Work instructions: Please give again exactly the lines from the top of the material through the line with "The file depicts"; omit each picture.

Records to use:
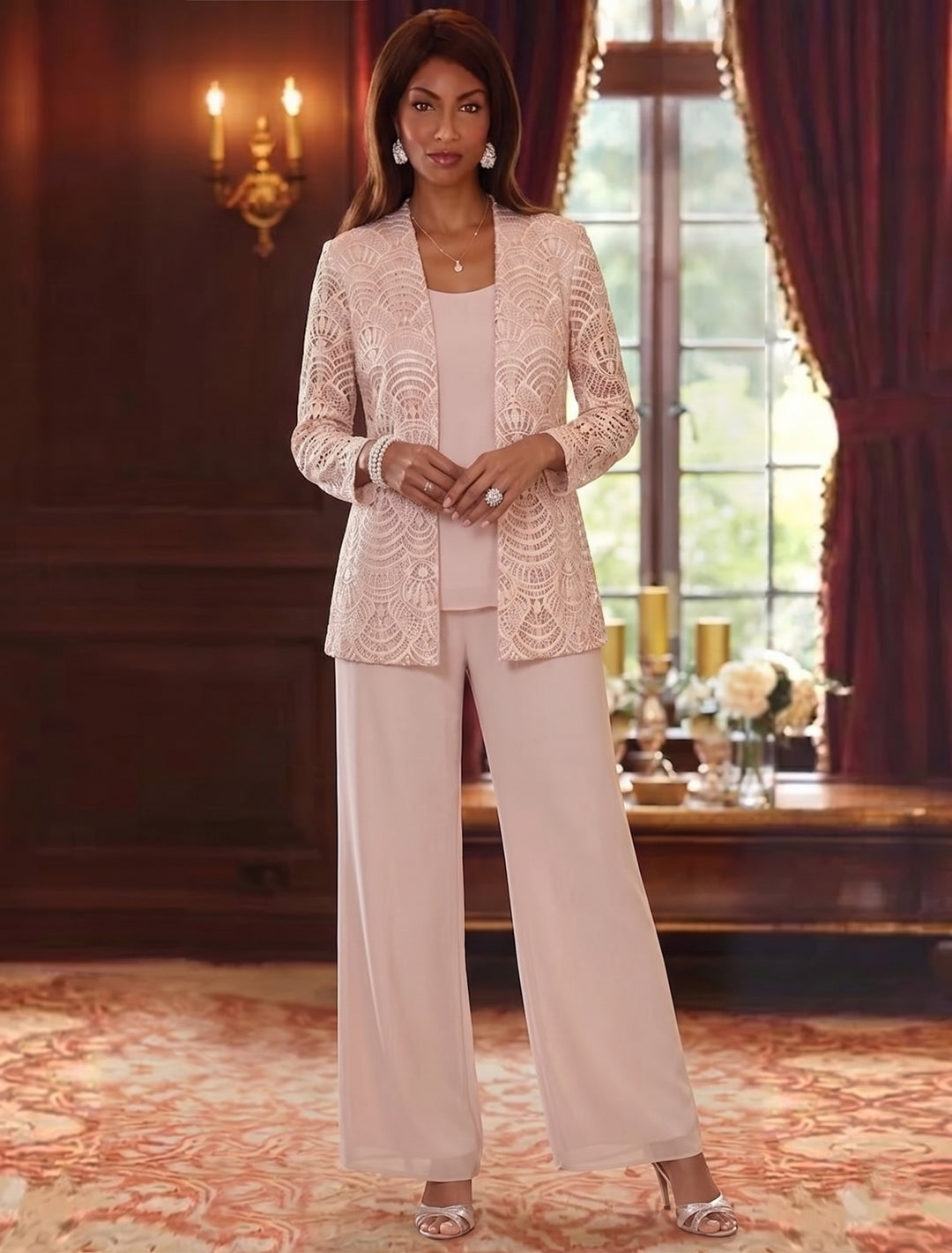Robe mère de la mariée, 3 Pièces, Costume-Pantalon, Col Rond, Mousseline, Manches Longues, Longueur de la Cheville, Dentelle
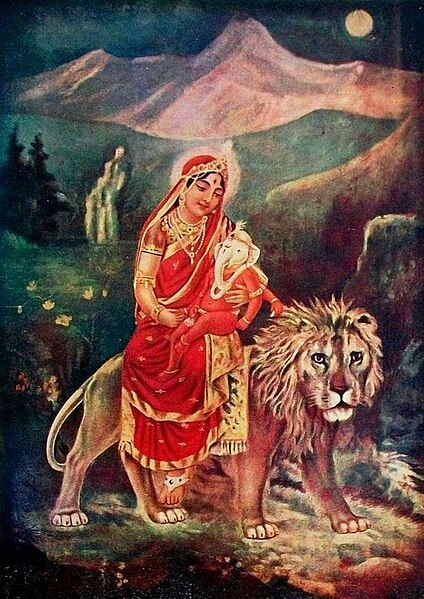 The file depicts Hindu goddess Parvati and her son Ganesh on a lion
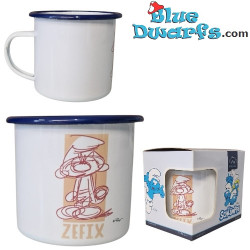 Pitufo Gruñón - Zefix - La taza oficial de los Pitufos - Camping al aire libre - Tienda de Baviera - 350 ml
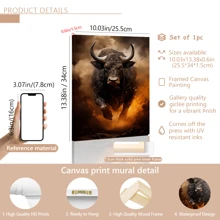 1 pieza Arte moderno de pared en lienzo - Impresión de un toro furioso blanco, póster decorativo, material de lienzo de alta calidad, con o sin marco, decoración de dormitorio universitario, apartamento, regalos para decoración de pared en hotel, hogar, sala de estar, dormitorio, baño y oficina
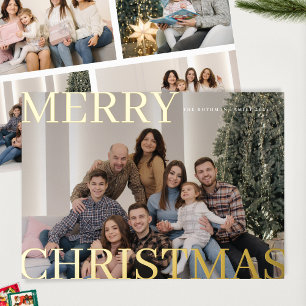 Tarjeta Festiva Con Relieve Metalizado Navidades de fotografía de revisión del año de la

Response to the exercise:
Robe mère de la mariée, 3 Pièces, Costume-Pantalon, Col Rond, Mousseline, Manches Longues, Longueur de la Cheville, Dentelle
 The file depicts Hindu goddess Parvati and her son Ganesh on a lion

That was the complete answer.